As China’s aviation market continues its recovery, it will be important to see how passenger travel has resumed. China could provide other markets with a blueprint of how a potential recovery could look in the coming months. So, has China managed to revive passenger travel? Let’s find out.

Air China planes parked in Beijing
China has seen its domestic market steadily rebound. Photo: Getty Images

Capacity continues to rebound

Chinese carriers have not shied away from increasing capacity on domestic routes since China’s lockdown eased in late March. As of April, domestic capacity is down only 33% from pre-pandemic levels, meaning two-thirds of all domestic flights are back in the air. This marks a substantial recovery for the domestic market, which saw a 71% drop in flights in February, according to analytics firm Cirium.

China Souther A380
Domestic capacity has returned to 67% of pre-pandemic levels. Photo: Sergey Kustov via Wikimedia Commons

However, passenger numbers are yet to return as strongly as capacity. According to the Civil Aviation Administration of China (CAAC), passenger numbers from April are down 68.5% from last year. This is only a marginal 3.2% increase from the previous month, where passenger traffic was down 71.7% percent. However, as domestic capacity continues to rise in the coming months and safety fears ease, airlines are hoping for stronger passenger numbers.

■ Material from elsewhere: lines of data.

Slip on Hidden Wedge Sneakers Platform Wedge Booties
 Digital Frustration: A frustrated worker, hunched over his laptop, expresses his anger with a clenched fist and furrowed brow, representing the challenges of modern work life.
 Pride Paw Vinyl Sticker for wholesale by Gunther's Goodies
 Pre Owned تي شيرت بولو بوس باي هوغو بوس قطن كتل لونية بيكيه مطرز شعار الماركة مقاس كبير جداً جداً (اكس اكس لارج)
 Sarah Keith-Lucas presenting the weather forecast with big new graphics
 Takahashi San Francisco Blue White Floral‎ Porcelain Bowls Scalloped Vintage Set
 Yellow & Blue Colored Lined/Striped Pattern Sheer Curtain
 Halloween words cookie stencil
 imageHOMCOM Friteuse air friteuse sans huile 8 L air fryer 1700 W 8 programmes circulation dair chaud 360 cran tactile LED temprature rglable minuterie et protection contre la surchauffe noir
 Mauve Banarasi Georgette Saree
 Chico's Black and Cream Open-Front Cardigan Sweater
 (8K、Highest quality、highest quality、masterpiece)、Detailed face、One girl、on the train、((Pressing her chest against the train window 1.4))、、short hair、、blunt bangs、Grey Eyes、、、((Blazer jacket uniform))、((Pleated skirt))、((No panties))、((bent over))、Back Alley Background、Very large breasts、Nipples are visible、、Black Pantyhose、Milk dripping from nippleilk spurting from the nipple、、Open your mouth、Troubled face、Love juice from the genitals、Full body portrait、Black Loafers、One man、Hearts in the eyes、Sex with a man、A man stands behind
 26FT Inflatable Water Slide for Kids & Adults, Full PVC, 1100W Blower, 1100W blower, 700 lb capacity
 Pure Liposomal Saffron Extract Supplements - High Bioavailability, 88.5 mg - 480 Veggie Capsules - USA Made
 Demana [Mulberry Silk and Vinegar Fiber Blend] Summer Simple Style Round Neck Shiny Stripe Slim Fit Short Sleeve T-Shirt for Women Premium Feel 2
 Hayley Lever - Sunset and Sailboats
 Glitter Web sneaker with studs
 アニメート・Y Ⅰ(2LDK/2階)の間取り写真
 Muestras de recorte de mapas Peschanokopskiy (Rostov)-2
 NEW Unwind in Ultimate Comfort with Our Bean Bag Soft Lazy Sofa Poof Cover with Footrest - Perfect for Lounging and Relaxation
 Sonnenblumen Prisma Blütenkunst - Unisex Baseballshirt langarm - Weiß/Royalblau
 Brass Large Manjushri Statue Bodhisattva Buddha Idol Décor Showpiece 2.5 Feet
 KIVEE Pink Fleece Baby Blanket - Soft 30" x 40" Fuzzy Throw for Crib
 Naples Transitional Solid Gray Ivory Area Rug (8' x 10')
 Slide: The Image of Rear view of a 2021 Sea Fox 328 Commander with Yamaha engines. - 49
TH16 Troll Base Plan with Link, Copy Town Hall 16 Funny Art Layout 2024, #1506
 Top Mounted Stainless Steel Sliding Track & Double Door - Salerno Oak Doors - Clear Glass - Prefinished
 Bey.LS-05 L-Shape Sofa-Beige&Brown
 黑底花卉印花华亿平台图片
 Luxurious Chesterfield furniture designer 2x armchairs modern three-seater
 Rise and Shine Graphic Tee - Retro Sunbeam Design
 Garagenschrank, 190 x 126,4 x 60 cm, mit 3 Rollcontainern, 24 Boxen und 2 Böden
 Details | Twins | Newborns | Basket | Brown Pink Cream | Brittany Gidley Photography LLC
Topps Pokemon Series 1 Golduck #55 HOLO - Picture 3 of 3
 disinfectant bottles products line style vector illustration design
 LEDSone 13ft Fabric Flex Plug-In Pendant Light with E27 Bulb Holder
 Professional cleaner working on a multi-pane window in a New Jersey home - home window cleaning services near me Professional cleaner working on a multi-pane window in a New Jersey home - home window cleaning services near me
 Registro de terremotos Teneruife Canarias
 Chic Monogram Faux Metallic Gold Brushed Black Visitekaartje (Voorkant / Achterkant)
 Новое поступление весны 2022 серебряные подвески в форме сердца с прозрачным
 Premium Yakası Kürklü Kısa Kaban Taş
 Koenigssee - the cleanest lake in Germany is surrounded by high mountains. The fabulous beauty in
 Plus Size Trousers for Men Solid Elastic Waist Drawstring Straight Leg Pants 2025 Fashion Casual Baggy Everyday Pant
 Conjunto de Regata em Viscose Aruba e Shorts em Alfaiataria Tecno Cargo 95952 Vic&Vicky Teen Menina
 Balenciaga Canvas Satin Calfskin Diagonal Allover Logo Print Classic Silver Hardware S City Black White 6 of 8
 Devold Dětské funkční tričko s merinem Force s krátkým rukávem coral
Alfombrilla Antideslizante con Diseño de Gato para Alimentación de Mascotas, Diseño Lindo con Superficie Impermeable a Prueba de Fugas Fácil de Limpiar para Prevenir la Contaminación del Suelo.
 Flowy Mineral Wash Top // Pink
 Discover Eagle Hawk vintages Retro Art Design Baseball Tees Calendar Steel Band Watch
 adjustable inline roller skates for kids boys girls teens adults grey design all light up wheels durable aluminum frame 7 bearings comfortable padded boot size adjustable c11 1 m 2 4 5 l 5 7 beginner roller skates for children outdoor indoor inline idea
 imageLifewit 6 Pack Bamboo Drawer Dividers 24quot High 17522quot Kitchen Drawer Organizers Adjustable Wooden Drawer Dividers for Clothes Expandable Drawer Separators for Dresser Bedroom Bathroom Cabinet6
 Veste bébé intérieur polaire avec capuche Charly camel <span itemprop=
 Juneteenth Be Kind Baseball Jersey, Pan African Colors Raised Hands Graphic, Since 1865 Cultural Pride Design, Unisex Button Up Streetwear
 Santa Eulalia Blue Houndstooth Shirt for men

Airlines are looking to increase their flights in the coming months. China Southern, the country’s largest airline, has seen increasing passenger loads in the last two months and hopes to keep expanding. China Eastern is looking to restart 70-80% of domestic flights by the end of the month and keep that figuring rising through until August.

International flights remain scarce

While domestic flights have rebounded in China, the same cannot be said for international flights. The country has set a strict cap on the number of international flights entering the mainland to prevent a slew of imported coronavirus cases. These caps have caused tensions as airlines try to restart flights to China but do not receive permission.

This culminated in the US banning Chinese carriers from flying passengers flights to the US yesterday. Since then, China has allowed US carriers to start services to the country, hoping to ease the tensions and protect airlines from further losses.

Delta A330
The US moved to ban Chinese carriers after China refused to grant US carriers routes to the country. Photo: Airbus

However, restrictions on international flights have meant China’s overall aviation market has only recovered to 43% of last year’s capacity. China Southern reported a 40% drop in international flight loads along with a 97% drop in revenue, as available seat kilometers (ASKs) dropped 94%.

The country’s strict rules may remain in place until October, reducing the chances of a swift recovery. However, the recent situation with the US has forced China to at least slightly ease restrictions and allow more airlines to operate.

A possible U-shaped recovery?

As China’s passenger numbers continue growing, some are predicting a possible U-shaped recovery for the industry. Domestic capacity recovery has been significant and passenger numbers do appear to be on a slow and steady rise. However, with international travel restricted and leisure travel near zero, it will be a while before China’s market fully rebounds.